▶ **TASK INSTRUCTIONS**
Of the entries below, return only those lines from the line with "Elmwood Regency building" to the line with "Encham 6er Set", exactly, both included.

*-*-*

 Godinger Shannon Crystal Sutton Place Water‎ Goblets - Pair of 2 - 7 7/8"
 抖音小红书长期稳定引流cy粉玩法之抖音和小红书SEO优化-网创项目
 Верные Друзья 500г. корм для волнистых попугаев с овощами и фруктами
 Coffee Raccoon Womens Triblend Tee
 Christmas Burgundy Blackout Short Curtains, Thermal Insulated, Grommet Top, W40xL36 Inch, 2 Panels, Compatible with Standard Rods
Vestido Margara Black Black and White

*-*-*

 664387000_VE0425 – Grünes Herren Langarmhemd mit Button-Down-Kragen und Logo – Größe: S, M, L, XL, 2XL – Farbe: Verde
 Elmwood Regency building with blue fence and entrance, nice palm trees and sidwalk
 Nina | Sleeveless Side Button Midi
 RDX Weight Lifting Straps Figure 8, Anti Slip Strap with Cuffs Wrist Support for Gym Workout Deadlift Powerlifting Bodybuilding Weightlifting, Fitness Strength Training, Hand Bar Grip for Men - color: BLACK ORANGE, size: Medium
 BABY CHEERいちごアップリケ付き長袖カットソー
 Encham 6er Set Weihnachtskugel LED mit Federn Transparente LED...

*-*-*

▶ **THE ANSWER**
 Elmwood Regency building with blue fence and entrance, nice palm trees and sidwalk
 Nina | Sleeveless Side Button Midi
 RDX Weight Lifting Straps Figure 8, Anti Slip Strap with Cuffs Wrist Support for Gym Workout Deadlift Powerlifting Bodybuilding Weightlifting, Fitness Strength Training, Hand Bar Grip for Men - color: BLACK ORANGE, size: Medium
 BABY CHEERいちごアップリケ付き長袖カットソー
 Encham 6er Set Weihnachtskugel LED mit Federn Transparente LED...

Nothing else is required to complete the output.